NVIDIA GPU/Driver Compatibility for vLLM + OpenLLM: Qwen 3.5, GLM, DeepSeek, Gemma
A practical compatibility and troubleshooting guide for serving modern open models with vLLM and OpenLLM, including NVIDIA GPU/driver baselines, CUDA alignment, and real-world failure patterns.
If you are deploying modern open models, the biggest production risk is usually not model quality.
It is version mismatch across:
- NVIDIA GPU architecture (Turing / Ampere / Ada / Hopper / Blackwell),
- NVIDIA driver branch,
- CUDA runtime/toolkit,
- PyTorch + vLLM version,
- OpenLLM backend integration and model template assumptions.
This guide is a practical field manual for teams serving Qwen 3.5, GLM, DeepSeek, and Gemma family models.
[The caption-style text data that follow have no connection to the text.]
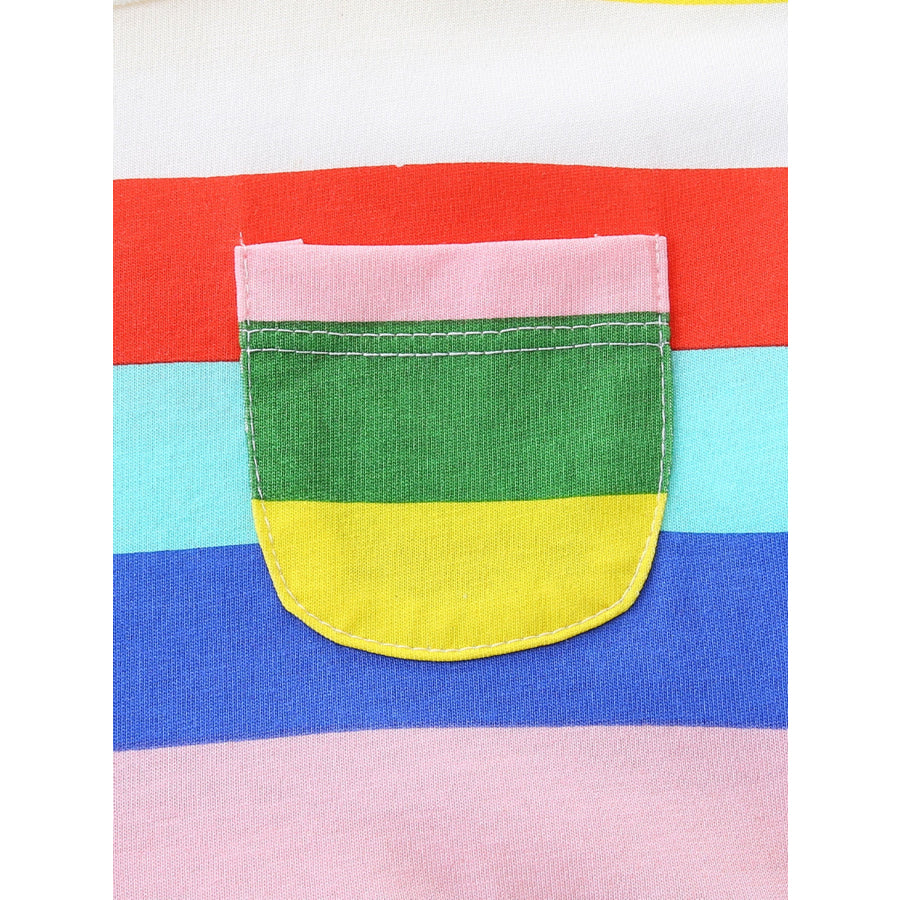 Children’s Striped Casual Short Sleeve Dress Apparel and Accessories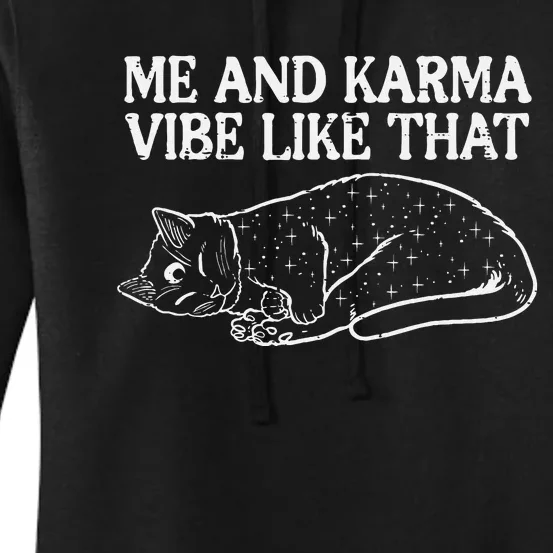 Playful Feline Vibes Hilarious Me and Karma Design Women's Pullover Hoodie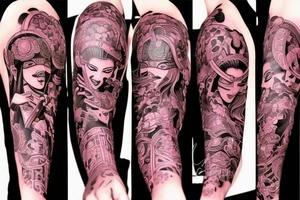 Pink samurai tattoo idea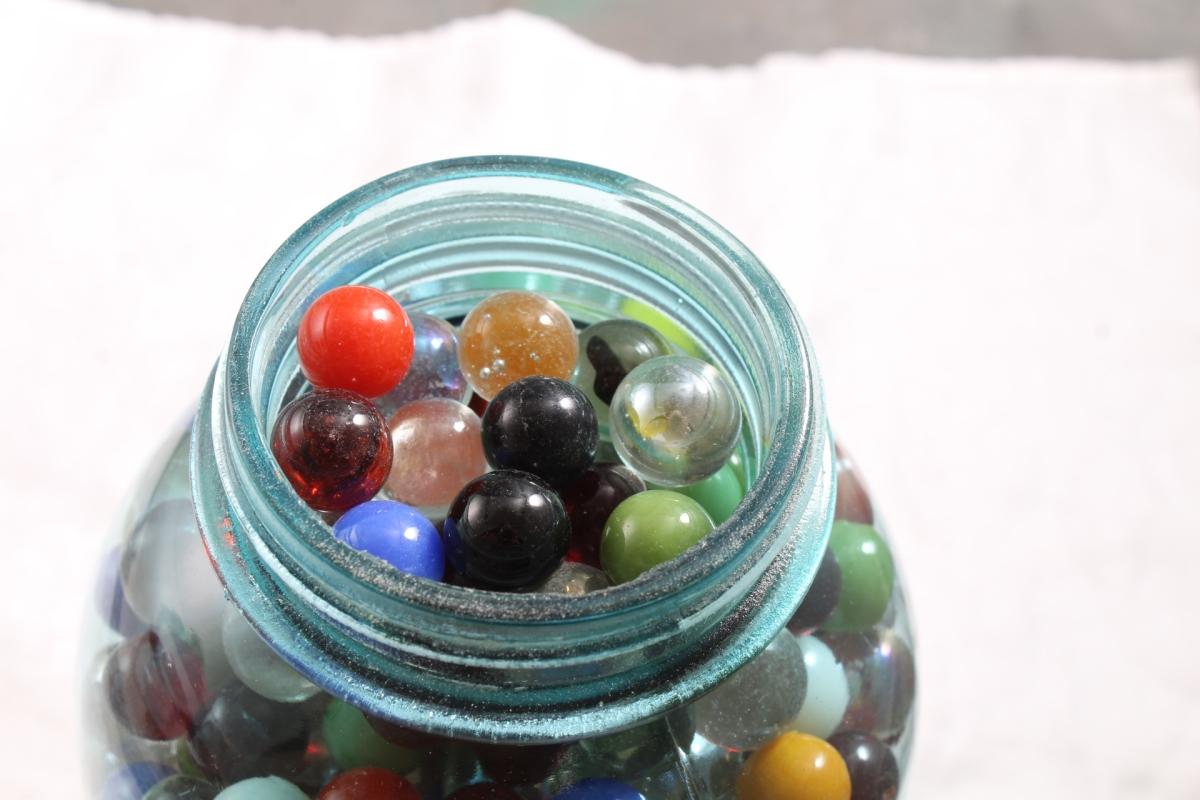 Half Gallon Ball Mason Jar Full of Marbles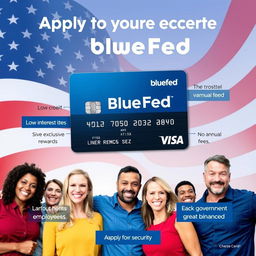 An advertisement for the American government-issued credit card called 'BlueFed'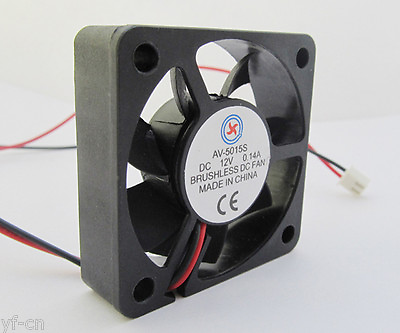 #ad 1pc Brushless DC Cooling Fan 50x50x15mm 5015 7 blades 12V 0.14A 2pin Connector $3.22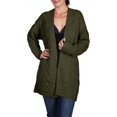 thumbnail image 6 of BodiLover, Women's, Chunky Cable Knit Open Front Oversize Sweater Cardigan, Hunter Green, L/XL, 6 of 8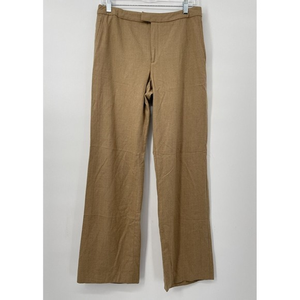 Linda Allard Ellen Tracy Wool Blend Trousers Tan Size 4 Wide Leg Pleated Front‎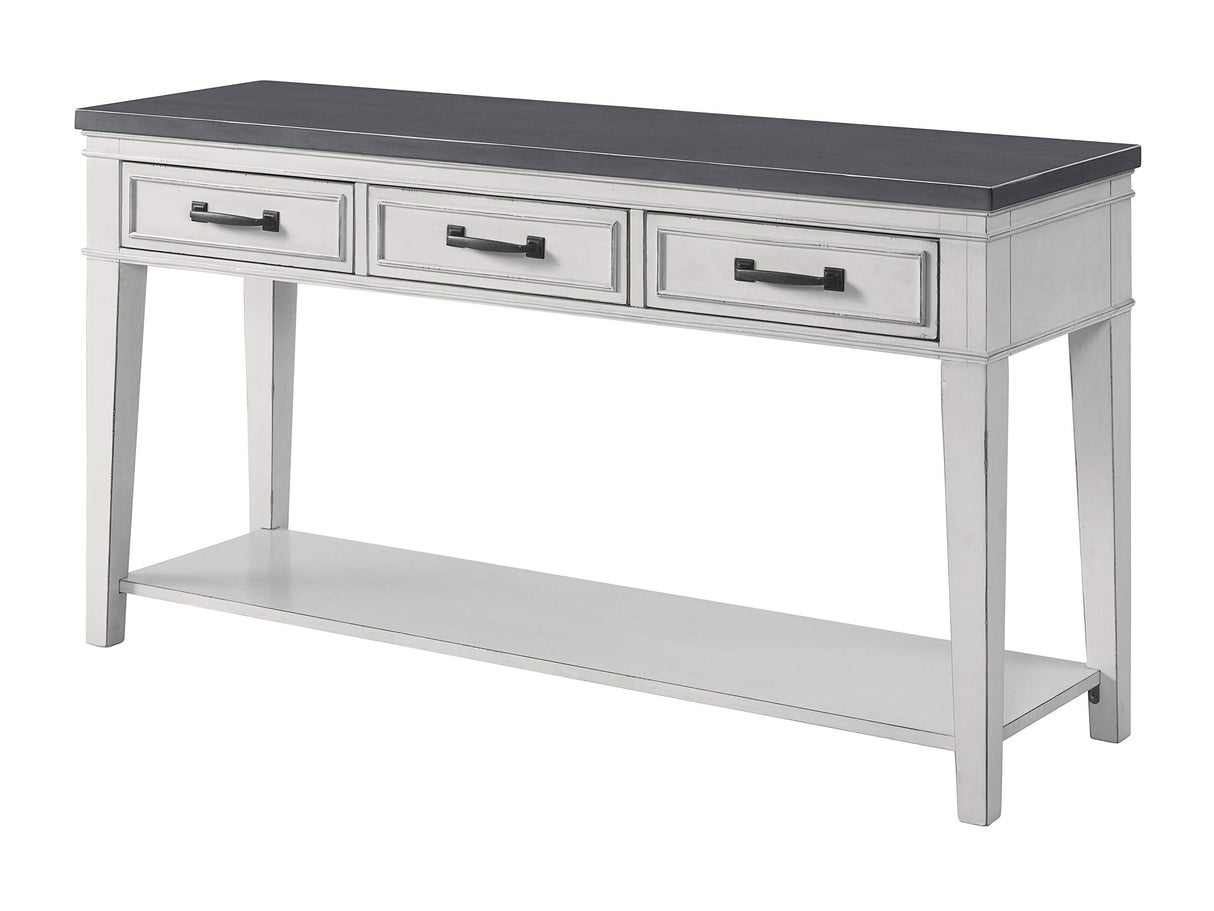 Del Mar Sofa Table, Antique White and Grey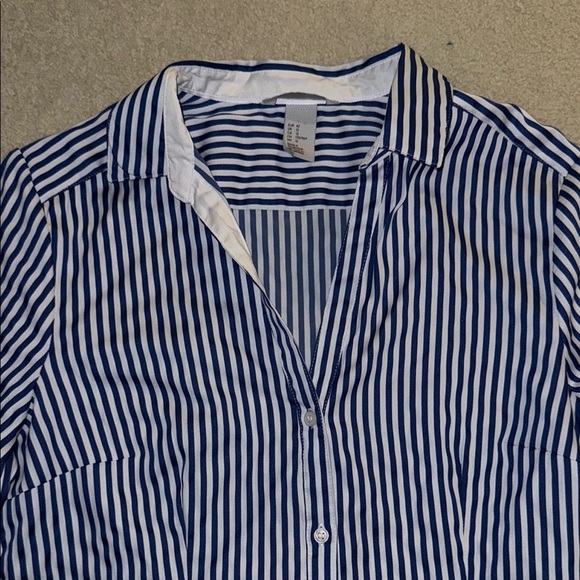 Blue Striped Women’s Dress Shirt - Picture 3 of 3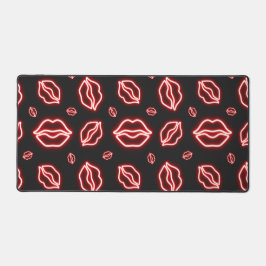 Red Neon Kiss Schreibtischunterlage
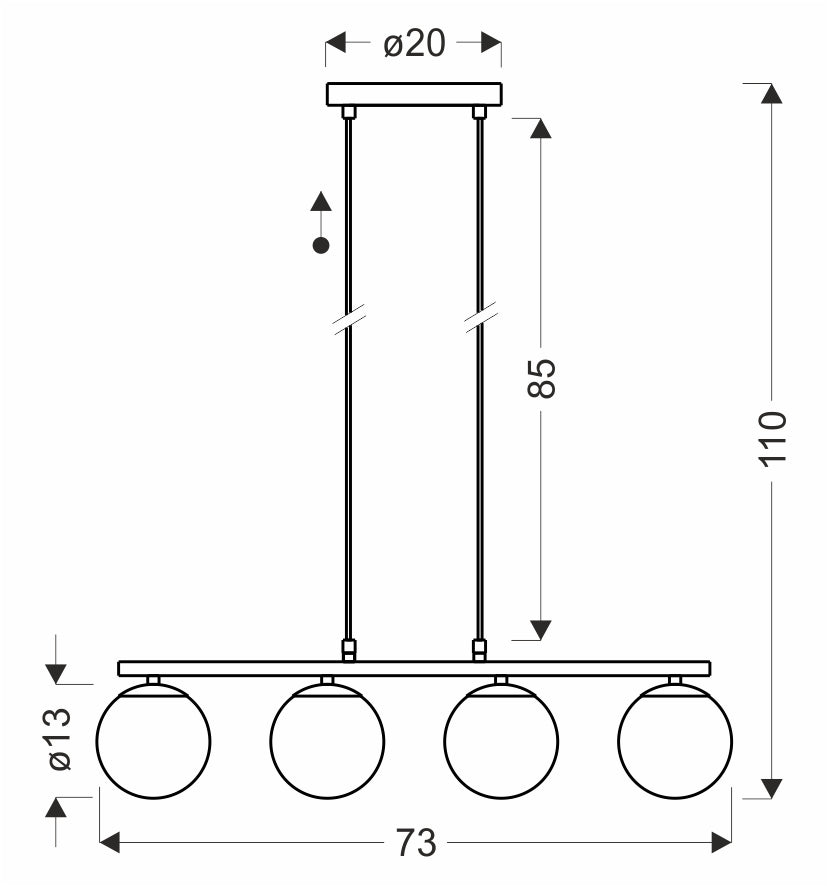 Carrine lampa wisząca drewniany 4x40W E14 klosz biały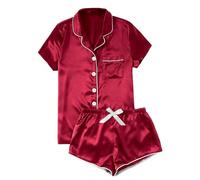 duxyoz Satin Pyjamas Set Women Short Sleeve Button-Down Pjs Sleepwear Nightwear Outfits Set 2 Pieces Pj Soft Comfy Lounge Solid Color Lounge Sets Homewear Clothes Summer Casual 01Hot Pink M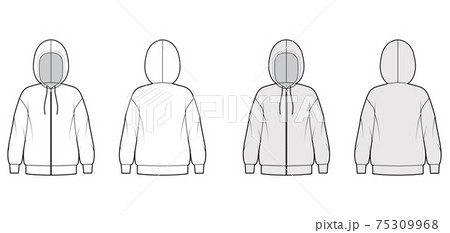 Zip-up Hoody sweatshirt technical fashion illustration with long sleeves, oversized body, drawstring. Flat extra large 75309968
Scope: inference/serving with vLLM and OpenLLM in Linux environments (bare metal or containers), with emphasis on real incident patterns.
1) The Compatibility Stack You Must Keep Aligned
Think in this order:
- GPU capability (VRAM, tensor core generation, BF16/FP8 practicality)
- Driver branch (must support your CUDA userspace)
- Container CUDA userspace (e.g., cu121, cu124)
- PyTorch binary (compiled for same CUDA family)
- vLLM build (linked against matching torch/cuda ecosystem)
- OpenLLM runtime wiring (backend flags, tokenizer chat template, model config)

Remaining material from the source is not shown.